Ecco allora spiegato, aggiunge il Tar Abruzzo – richiamando [al pari del resto dei citati Tar Brescia e CdS] le statuizioni dalla Corte di Giustizia CE chiamata a pronunciarsi sull’art. 104 TULS – perché le farmacie rurali, istituite sulla base del criterio topografico, ben possono essere aperte anche a una distanza inferiore a 3000 metri rispetto alle farmacie esistenti, sulla base di un’attenta valutazione da effettuare in relazione alla singola fattispecie concreta [come quella proposta nel quesito], essendo recessivo in un’ottica comparativa degli interessi in gioco, anche alla luce della normativa di rango eurounitario, l’interesse protezionistico delle farmacie precedentemente insediate ad evitare interferenze nello svolgimento della loro attività, rispetto al preminente interesse pubblico ad assicurare la massima diffusione del servizio farmaceutico.

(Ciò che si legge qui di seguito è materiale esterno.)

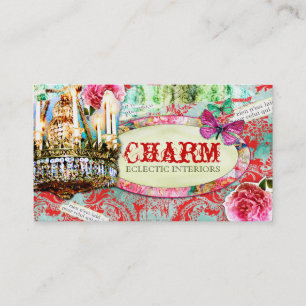 GC   Shabby Vintage Charm - Red Turquiose Damask Business Card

Anzi, aggiunge il Tar Abruzzo, questo approccio ermeneutico – che è ispirato ad un’applicazione flessibile del limite di distanza – può indurre a interpretare la regola generale nel senso che è possibile autorizzare l’apertura di una farmacia a distanza inferiore a quella minima [che in questa ipotesi è di 3.000 metri] non solo in casi del tutto eccezionali, ma ogni volta che la rigida applicazione della regola generale rischi di non garantire un accesso adeguato al servizio farmaceutico (cfr. Corte di Giustizia CE n. 570 del 1 giugno 2010, nella causa C570/07).

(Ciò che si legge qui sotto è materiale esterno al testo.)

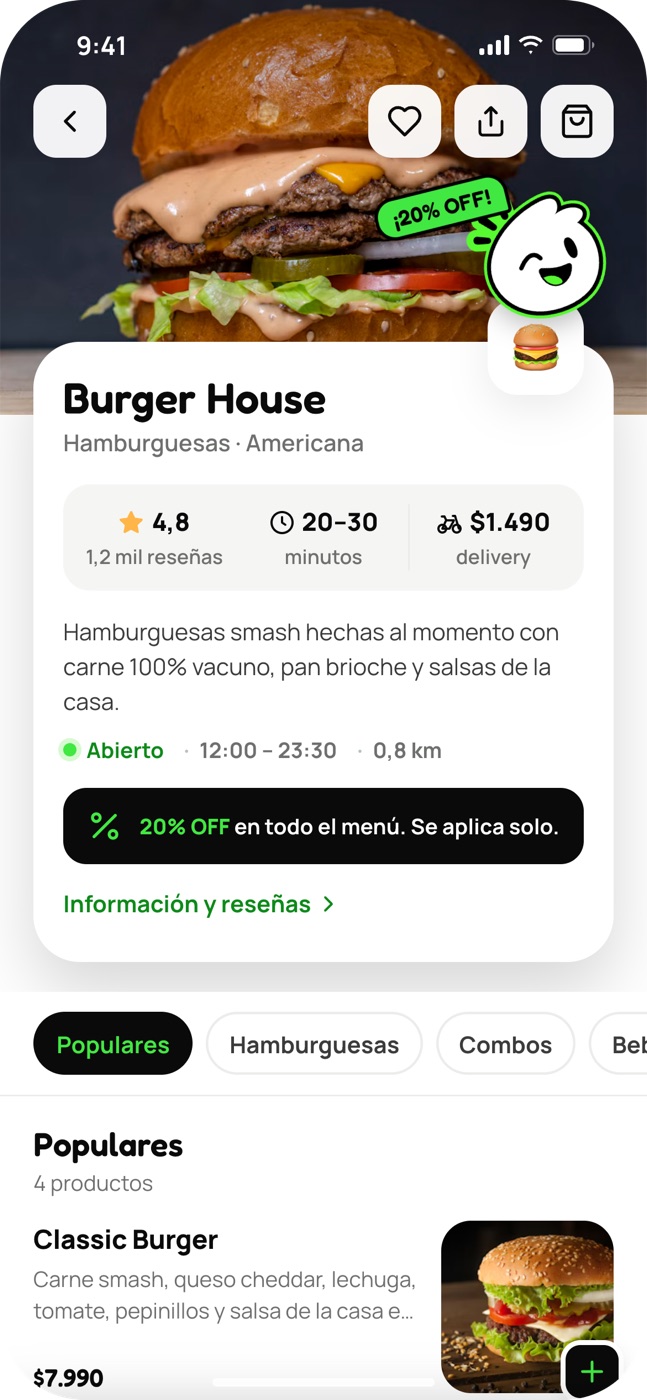 Pantalla de un local en la app Altoki con su menú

Ci pare insomma di poter concludere che – stando almeno a quanto sembra emergere dal quesito prospettato e fatto salvo il caso in cui l’Amministrazione sia incorsa in “evidenti erroneità” o “macroscopici vizi logici” – la scelta provvedimentale, anche laddove fosse orientata nel senso che Lei sembra temere, potrebbe verosimilmente essere ritenuta legittima anche dal giudice amministrativo, nel caso evidentemente di una sua impugnativa.
Abbiamo detto potrebbe, perché la discrezionalità amministrativa – in questo caso del Comune [a proposito: siamo certi che nella Sua regione siano i Comuni – come d’altronde ha affermato, condivisibilmente, proprio il CdS n. 6998 del 15.10.2019, decisione fondamentale che illustriamo nella Sediva News del 19.11.2019: “E’ di esclusiva competenza comunale ecc.” – le amministrazioni competenti all’adozione dei provvedimenti ex art. 104 TU.San., e non invece proprio la Regione?] – è tale, indubbiamente, da permettere di collocare una sede soprannumeraria anche in una frazione più vicina (poco più di 2000 metri nella specie) a una delle due farmacie già in esercizio, cioè la Sua, piuttosto che in una frazione più lontana [5000 metri] dall’altra farmacia preesistente.
E però, s’intende, la discrezionalità amministrativa non può essere mai confusa con l’arbitrio e dunque anche in un caso come questo – anzi, tanto più in un caso come questo, viste le incongruenze da Lei stesso segnalate – il Comune, giova ribadirlo, deve darsi carico di illustrare adeguatamente le ragioni della sua scelta.